Mary Heaviside Love (June 25, 1806 – November 2, 1874), also known as Lady Mary Love and  Mary Love, was a Canadian artist active from 1825 to 1842. Her lithograph A view on the St. Croix River, New Brunswick, circa 1830, was possibly the first lithograph made in Canada.  She was one of the first Canadian artists to go abroad for her studies.

Biography 
Love was born Mary Heaviside on June 25, 1806 to parents Thomas and Elizabeth Heaviside. She was the youngest of the Heaviside children. There is some scholarly debate about whether she was born in Saint John, New Brunswick or Halifax, Nova Scotia. In 1819, Love's sister, Anna Maria Heaviside, married clergyman Robert Willis. Another of Love's sisters, Jane, married Alexander Wedderburn in 1923.

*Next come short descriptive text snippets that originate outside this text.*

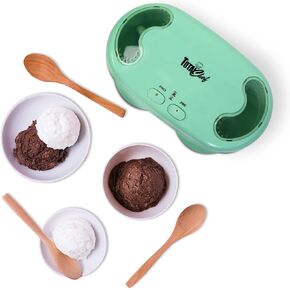 Total Chef Deluxe Double Treat Ice Cream Maker, 1.1 qt (1L), Green, Make 2 Flavors at Once of Frozen Yogurt, Sorbet, Gelato in Your Home Freezer, Takes 4 x AA Batteries (Sold Separately)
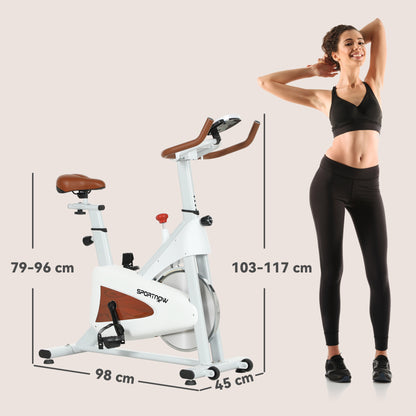 Indoor Exercise Bike, Quiet Stationary Bike, Stylish Cycling Machine with Adjustable Seat and Resistance, for Home Gym Cardio Workout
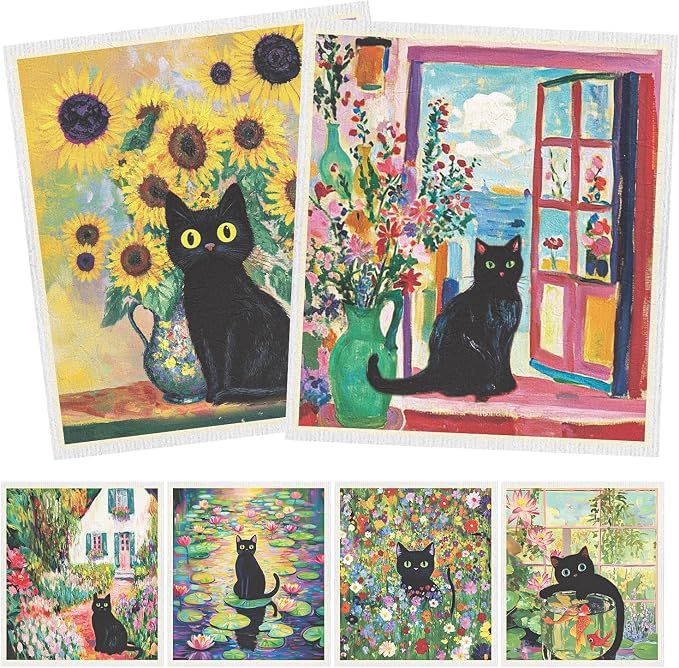 Swedish Dishcloths for Kitchen, 6 Pack Oil Painting Black Cat Reusable Paper by InIsaJace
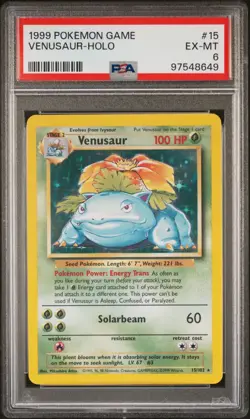 PSA 6 Venusaur EX-MT - 1999 Base Set #15 Holo Card - Pokemon TCG Card - Image 1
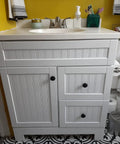 Bathroom vanity with white panel doors, featuring Six Piece Set Black Vintage Flower Cabinet Drawer Knobs With Floral Embossing 1.38 Inch Wide For Dresser Cupboard Wardrobe Furniture Includes Two Screw Sizes 25mm And 38mm For A Quick Install.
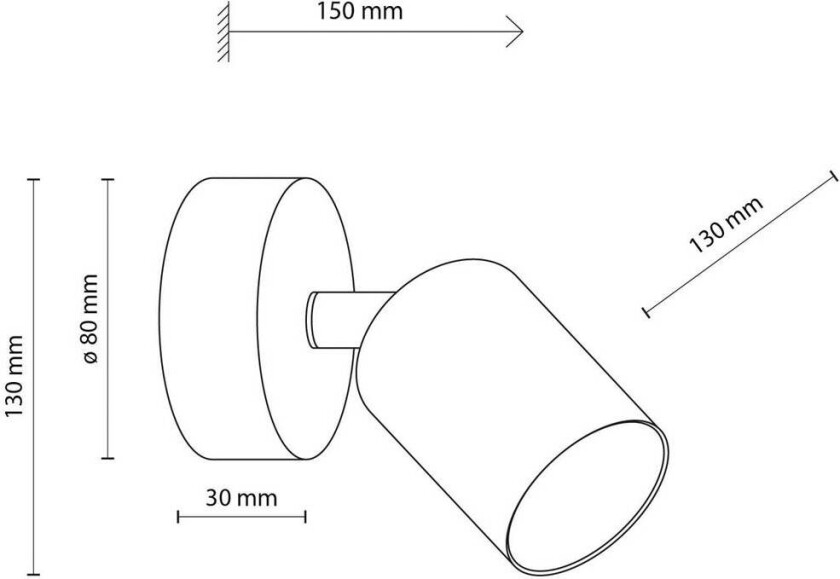 Veggspot Livia, rosa, lengde 13 cm, stål, 1 lyskilde.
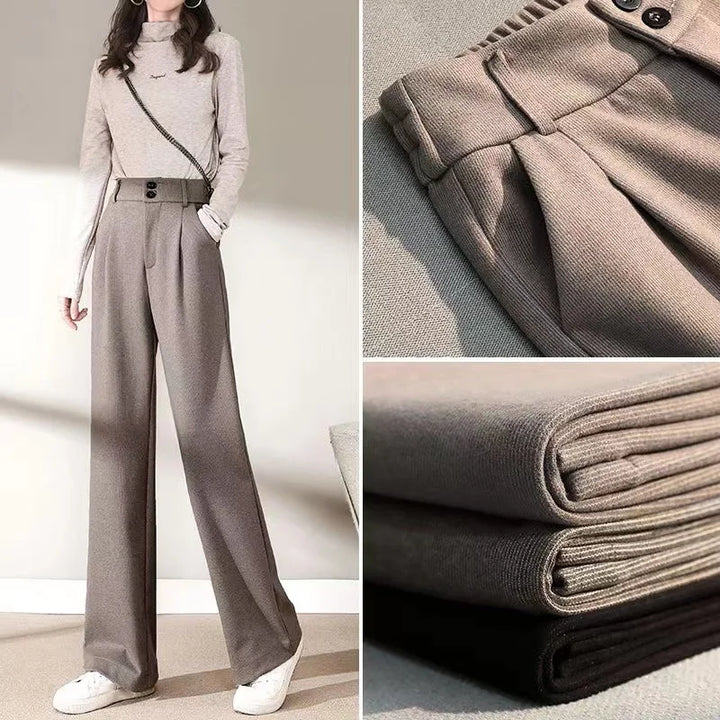 High-Waist Wool Wide Leg Trousers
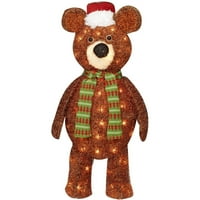 Божиќно декор за одмор 30 Меки кафеава мечка со скулптура со шал
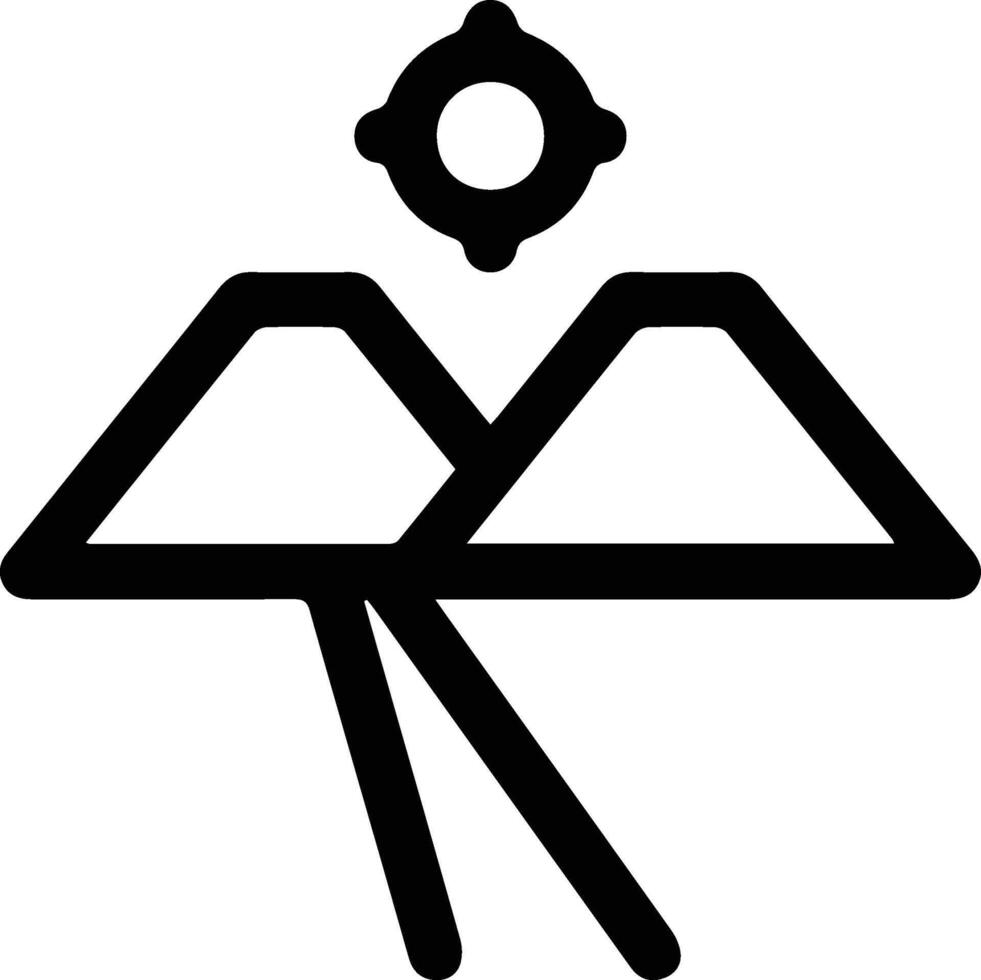 A black and white image of a mountain with a sun vector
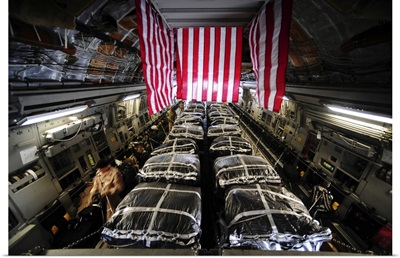 Pallets Of Cargo Inside Of A C-17 Globemaster III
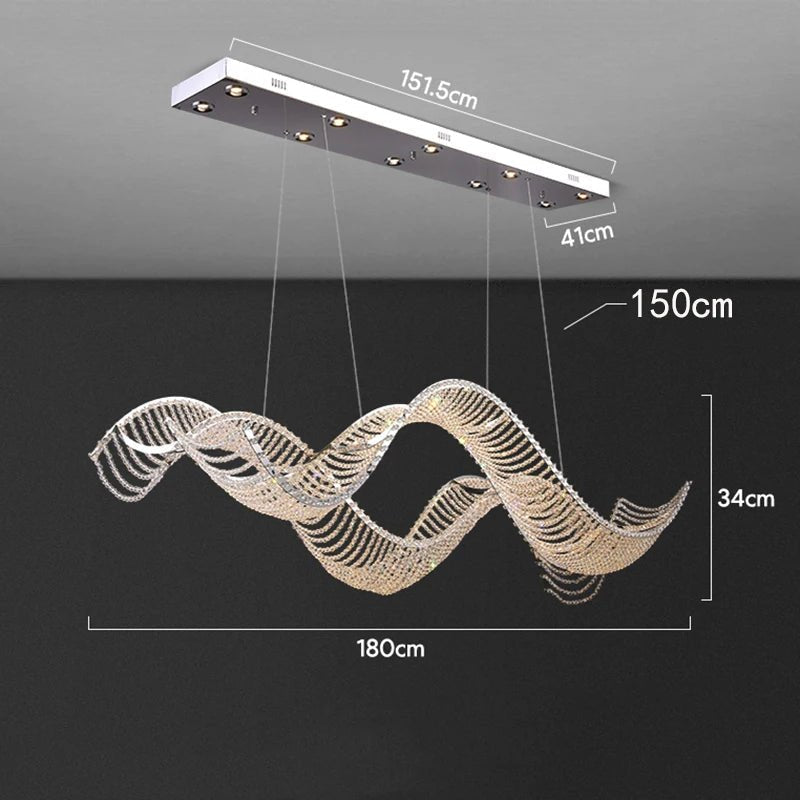 Alleri LED crystal chandelier warm light detail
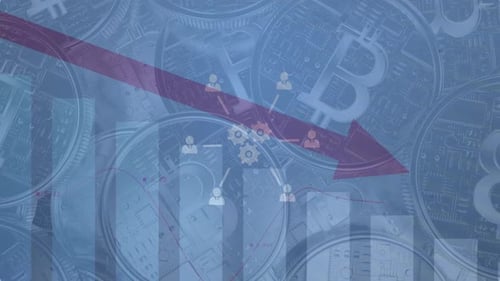 Animation of financial data processing with red arrow descending and icons over bitcoins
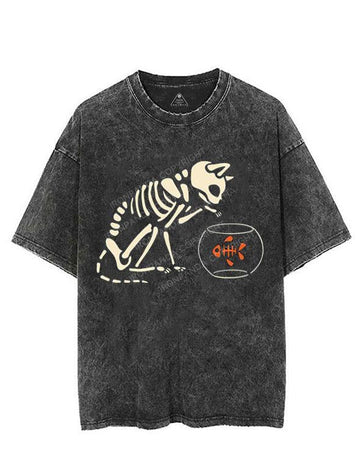 CAT AND FISH SKELETON VINTAGE GYM SHIRT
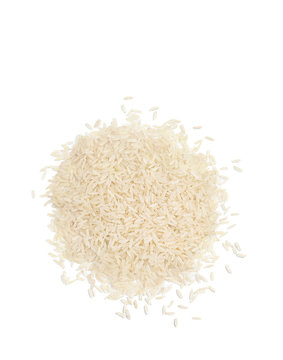 Heap of parboiled rice isolated on white background. Healthy food. Top view. High resolution product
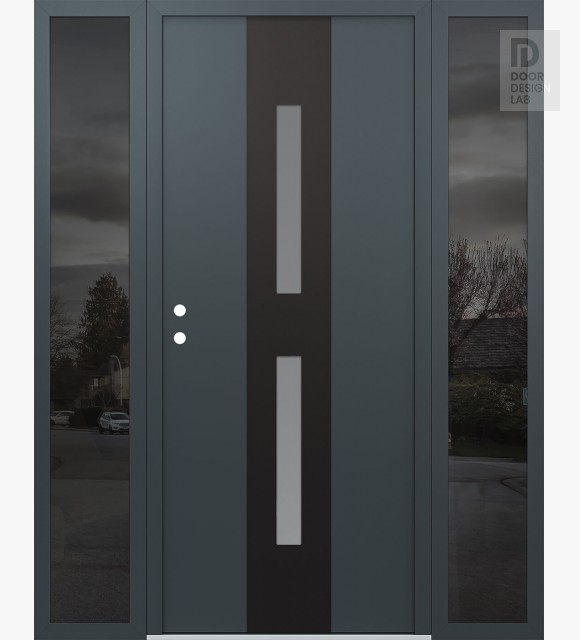 Modern Steel Front Door DIAMOND A6 68" X 80" ANTHRACITE/ANTHRACITE FROSTED GLASS PANEL BLACK RHI WITH 2 SIDELITES MIRRORED GLASS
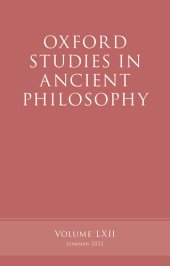 book Oxford Studies in Ancient Philosophy, Volume 62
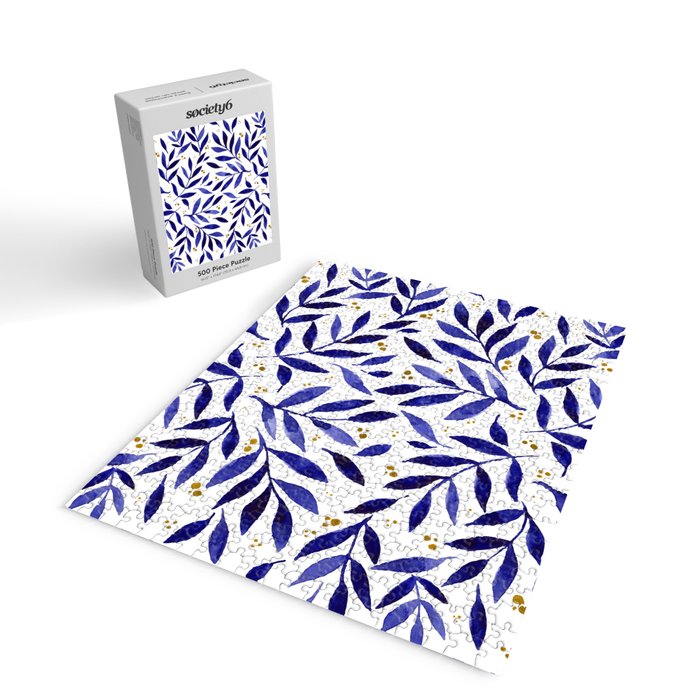 Pretty watercolor branches - blue and yellow Jigsaw Puzzle Gallery Image 2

Love studied art in England in the 1820s and was one of the first Canadian artists to pursue artistic studies abroad. On July 16, 1825, Mary married Lieutenant-Colonel James Frederick Love in New Brunswick. After her marriage, Mary developed her skills in drawing and watercolour. Henry James Morgan remarked that he would like to have Love's watercolours of the Eastern Townships published. The 1960 New Brunswick Museum Art Bulletin described Love's lithographs A view near St. Andrews, New Brunswick (Chamcook) and A view on the St. Croix River, New Brunswick as likely being the first drawn-on-stone lithographs in Canada.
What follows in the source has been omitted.